The workflow keeps the base shell separate from optional customization. Use the Ubuntu package alone for a lightweight login shell, add APT-packaged plugins when you want distro-managed auto-suggestions and syntax highlighting, or install Oh My Zsh when you prefer its larger theme and plugin ecosystem.
Choose a Zsh Setup on Ubuntu
The right setup depends on how much configuration you want APT to manage for you. The base zsh package comes from Ubuntu’s main repository, while optional plugin and font packages come from Ubuntu’s Universe component.
| Method | Source | What It Adds | Best Fit |
|---|---|---|---|
| Basic Zsh | Ubuntu main repository | The core Z Shell package | Users who want a faster interactive shell without extra plugins |
| Zsh with APT plugins | Ubuntu Universe repository | zsh-autosuggestions and zsh-syntax-highlighting | Users who prefer system-managed plugin updates |
| Zsh with Oh My Zsh | Oh My Zsh GitHub project | Home-directory framework with hundreds of plugins and themes | Users who want extensive prompt, theme, and plugin customization |
These steps cover Ubuntu 26.04 LTS, 24.04 LTS, and 22.04 LTS. Minimal or customized systems that cannot find the optional plugin packages may need to enable Universe and Multiverse repositories on Ubuntu before installing those extras.
For package-version checks, Ubuntu 26.04 and 24.04 install Zsh 5.9 from APT, while Ubuntu 22.04 stays on Zsh 5.8.1 for LTS stability. Use the Ubuntu package version as the expected output for this guide; manually compiled Zsh builds are outside this article’s scope.
Install Zsh on Ubuntu
Refresh the package index, then install Zsh from Ubuntu’s default repositories:
sudo apt update
sudo apt install zsh
These commands require sudo access. If your account cannot use
sudo, add the account to sudoers on Ubuntu before continuing, then rerun the install command.
Verify the installed shell version:
zsh --version
Expected output on Ubuntu 26.04 and 24.04:
zsh 5.9 (x86_64-ubuntu-linux-gnu)
Ubuntu 22.04 returns the older LTS package:
zsh 5.8.1 (x86_64-ubuntu-linux-gnu)
Run the Initial Zsh Configuration Wizard
The first time you start Zsh without a ~/.zshrc file, it opens an interactive configuration wizard. If you already have ~/.zshrc, Zsh skips the wizard and starts the shell prompt directly.

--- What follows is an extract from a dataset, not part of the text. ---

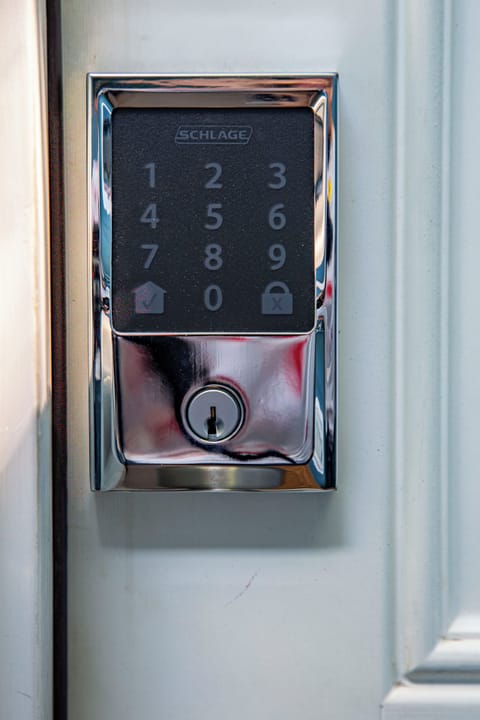 Keypad lock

Start Zsh manually to trigger the wizard:
zsh
The wizard offers several startup choices:
- Press q: Exit without creating a configuration file. The wizard appears again the next time Zsh starts.
- Press 0: Create an empty
~/.zshrcfile. Choose this if you want complete control or plan to let Oh My Zsh provide its own template. - Press 1: Open the main menu to configure history, completion, key bindings, and other settings interactively.
- Press 2: Create
~/.zshrcwith recommended defaults. This is the quickest standalone Zsh setup.
If you plan to install Oh My Zsh, any wizard option works because the installer can back up and replace an existing ~/.zshrc. For a standalone Zsh setup, option 2 provides practical defaults for history and completion.
Set Zsh as the Default Shell on Ubuntu
Ubuntu keeps Bash as the default login shell until you change it. First, confirm the Zsh path that chsh should use:
command -v zsh
Expected output:
/usr/bin/zsh
Set Zsh as your login shell:
chsh -s "$(command -v zsh)"
Enter your password when prompted. The change applies after you log out and back in, but you can verify the configured login shell immediately:
getent passwd "$USER" | cut -d: -f7
Expected output:
/usr/bin/zsh
To start using Zsh in the current terminal before your next login, run:
zsh
Move Bash Aliases and Scripts to Zsh
Changing your login shell does not rewrite existing shell scripts. Scripts that start with a Bash shebang such as #!/bin/bash still run under Bash, even when your interactive terminal opens Zsh.
Aliases and functions are different because Zsh does not read ~/.bashrc by default. Copy the aliases you still need into ~/.zshrc, or source a separate aliases file from your Zsh configuration:
if [ -f ~/.bash_aliases ]; then
source ~/.bash_aliases
fi
Zsh also stores command history in ~/.zsh_history, not ~/.bash_history. Keep the histories separate unless you intentionally migrate selected commands into your new Zsh history file.
Install Zsh Plugins with APT
Ubuntu packages two popular Zsh plugins in Universe. This path keeps plugin updates inside normal APT maintenance and avoids manual Git clones:
sudo apt install zsh-autosuggestions zsh-syntax-highlighting
Ubuntu 26.04 currently packages
zsh-autosuggestions0.7.1 andzsh-syntax-highlighting0.8.0. Ubuntu 24.04 and 22.04 packagezsh-autosuggestions0.7.0 andzsh-syntax-highlighting0.7.1. Use this method when stable distro-managed updates matter more than tracking each plugin’s upstream Git branch.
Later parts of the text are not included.